Monitoring and Tracing
Essential for troubleshooting and understanding performance bottlenecks within the RAG solution [00:02:45].
- Prototyping: Langsmith or Phoenix (specifically LlamaIndex Phoenix) [00:02:56] [00:17:15].
- Production: Arise Phoenix (can be easily used in a Docker container) [00:03:02] [00:17:20].
Re-rankers (Post-Retrieval)
Used to improve the accuracy of the retrieved documents by re-ranking them based on semantic similarity to the query.

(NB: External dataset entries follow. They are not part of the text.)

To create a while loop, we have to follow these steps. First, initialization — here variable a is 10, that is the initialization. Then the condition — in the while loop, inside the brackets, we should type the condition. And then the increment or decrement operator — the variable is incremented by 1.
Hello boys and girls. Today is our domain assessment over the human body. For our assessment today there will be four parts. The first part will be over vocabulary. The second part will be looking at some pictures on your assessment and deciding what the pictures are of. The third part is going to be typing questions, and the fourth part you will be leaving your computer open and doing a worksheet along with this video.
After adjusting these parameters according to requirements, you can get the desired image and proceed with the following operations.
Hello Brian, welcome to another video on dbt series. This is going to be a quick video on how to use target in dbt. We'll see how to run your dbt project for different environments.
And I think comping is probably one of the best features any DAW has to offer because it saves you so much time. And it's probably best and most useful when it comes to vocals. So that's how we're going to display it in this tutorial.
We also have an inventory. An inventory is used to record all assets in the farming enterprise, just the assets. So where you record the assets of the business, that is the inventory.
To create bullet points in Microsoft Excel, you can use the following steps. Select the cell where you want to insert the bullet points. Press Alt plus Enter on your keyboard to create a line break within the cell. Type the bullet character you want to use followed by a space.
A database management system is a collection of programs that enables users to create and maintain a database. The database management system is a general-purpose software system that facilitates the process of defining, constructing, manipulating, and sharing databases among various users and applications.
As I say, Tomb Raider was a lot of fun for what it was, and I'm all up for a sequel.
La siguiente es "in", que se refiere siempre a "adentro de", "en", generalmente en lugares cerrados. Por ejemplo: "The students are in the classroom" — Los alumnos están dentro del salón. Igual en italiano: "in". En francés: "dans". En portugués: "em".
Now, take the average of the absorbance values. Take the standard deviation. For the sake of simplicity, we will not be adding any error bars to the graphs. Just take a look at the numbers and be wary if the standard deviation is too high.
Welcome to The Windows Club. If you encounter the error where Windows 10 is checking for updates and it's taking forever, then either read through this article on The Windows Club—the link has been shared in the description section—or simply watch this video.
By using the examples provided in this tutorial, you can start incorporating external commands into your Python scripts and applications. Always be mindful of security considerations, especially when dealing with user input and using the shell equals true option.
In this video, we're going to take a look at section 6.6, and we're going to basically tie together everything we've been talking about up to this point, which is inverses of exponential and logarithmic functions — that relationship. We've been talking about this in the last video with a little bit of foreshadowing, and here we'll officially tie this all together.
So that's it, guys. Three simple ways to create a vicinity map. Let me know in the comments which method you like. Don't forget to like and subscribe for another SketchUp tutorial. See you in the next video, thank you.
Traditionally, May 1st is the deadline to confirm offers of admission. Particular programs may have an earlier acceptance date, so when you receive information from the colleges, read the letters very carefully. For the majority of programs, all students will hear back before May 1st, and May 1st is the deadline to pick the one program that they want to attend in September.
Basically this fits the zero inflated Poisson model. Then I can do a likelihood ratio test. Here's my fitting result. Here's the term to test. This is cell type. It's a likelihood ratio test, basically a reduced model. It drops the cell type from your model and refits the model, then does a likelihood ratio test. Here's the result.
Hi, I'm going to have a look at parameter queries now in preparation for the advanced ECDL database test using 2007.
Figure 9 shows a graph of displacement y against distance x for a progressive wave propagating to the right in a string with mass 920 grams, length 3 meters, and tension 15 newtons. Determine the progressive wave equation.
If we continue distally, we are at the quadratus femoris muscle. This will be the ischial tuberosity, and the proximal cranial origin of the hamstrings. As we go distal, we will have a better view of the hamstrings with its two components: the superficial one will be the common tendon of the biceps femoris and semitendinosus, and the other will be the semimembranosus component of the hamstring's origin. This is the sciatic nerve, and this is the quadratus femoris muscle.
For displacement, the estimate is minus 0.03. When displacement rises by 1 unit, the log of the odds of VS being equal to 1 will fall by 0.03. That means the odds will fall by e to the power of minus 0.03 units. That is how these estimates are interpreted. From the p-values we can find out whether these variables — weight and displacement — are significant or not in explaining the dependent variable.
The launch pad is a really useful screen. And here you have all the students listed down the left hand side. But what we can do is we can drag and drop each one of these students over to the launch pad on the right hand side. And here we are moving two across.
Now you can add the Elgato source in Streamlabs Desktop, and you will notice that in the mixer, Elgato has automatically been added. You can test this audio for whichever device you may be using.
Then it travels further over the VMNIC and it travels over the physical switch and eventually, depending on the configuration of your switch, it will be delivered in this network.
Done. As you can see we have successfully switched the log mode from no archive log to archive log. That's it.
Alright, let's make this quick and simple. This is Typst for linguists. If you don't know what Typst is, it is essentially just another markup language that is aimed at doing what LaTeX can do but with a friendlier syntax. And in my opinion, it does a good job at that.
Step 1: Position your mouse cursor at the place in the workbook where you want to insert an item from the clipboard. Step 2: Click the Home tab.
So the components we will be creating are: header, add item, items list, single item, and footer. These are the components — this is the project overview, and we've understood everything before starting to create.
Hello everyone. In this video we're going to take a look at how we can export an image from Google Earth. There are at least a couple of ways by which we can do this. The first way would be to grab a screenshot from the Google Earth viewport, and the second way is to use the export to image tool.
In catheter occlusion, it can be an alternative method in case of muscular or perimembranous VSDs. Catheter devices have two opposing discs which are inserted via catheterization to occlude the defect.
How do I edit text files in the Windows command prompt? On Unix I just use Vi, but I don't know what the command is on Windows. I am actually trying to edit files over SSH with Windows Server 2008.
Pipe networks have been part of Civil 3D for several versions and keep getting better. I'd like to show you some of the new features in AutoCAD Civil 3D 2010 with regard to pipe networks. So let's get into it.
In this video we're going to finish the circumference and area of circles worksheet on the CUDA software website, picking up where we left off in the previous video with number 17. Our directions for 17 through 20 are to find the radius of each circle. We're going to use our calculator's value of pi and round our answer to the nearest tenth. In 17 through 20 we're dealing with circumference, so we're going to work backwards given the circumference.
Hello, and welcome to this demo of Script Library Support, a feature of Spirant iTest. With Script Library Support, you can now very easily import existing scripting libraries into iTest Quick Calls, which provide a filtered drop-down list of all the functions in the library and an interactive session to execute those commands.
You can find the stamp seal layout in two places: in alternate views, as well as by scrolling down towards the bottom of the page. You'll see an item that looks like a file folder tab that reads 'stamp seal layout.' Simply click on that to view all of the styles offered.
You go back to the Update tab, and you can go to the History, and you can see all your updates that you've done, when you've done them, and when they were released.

This uses a cross-encoder approach [00:11:43].
- Prototyping: Closed models like Cohere’s re-ranker [00:03:13] [00:15:26].
- Production: Open solutions from Nvidia [00:03:17] [00:17:29].
RAG Evaluation
Crucial for assessing the quality and performance of the RAG solution across various metrics.
- Framework: Ragas is recommended for evaluating the quality of RAG solutions [00:03:29] [00:16:53] [00:17:34]. It works with LLMs, making the task “painless” [00:17:45].
Production Environment Setup (Docker Compose)
For production, a docker-compose.yaml
file integrates various Docker images to run the RAG solution as containers [00:17:51]:
- Ingestion Image: Connects to the knowledge base to pull in data (e.g., HTML files) [00:18:01].
- Qdrant Image: For the vector database, pulled directly from Docker Hub [00:18:07].
- Front-end App Image: For the user interface of the solution [00:18:09].
- LLM Serving Image: Uses Olama or Hugging Face’s Text Generation Inference engine to serve the large language models [00:18:16].
- Phoenix Image: For tracing and monitoring [00:18:22].
- Ragas Image: For RAG evaluation [00:18:24].
This setup allows for running each component as a separate container within Docker Compose, ensuring a robust and manageable production environment [00:18:28].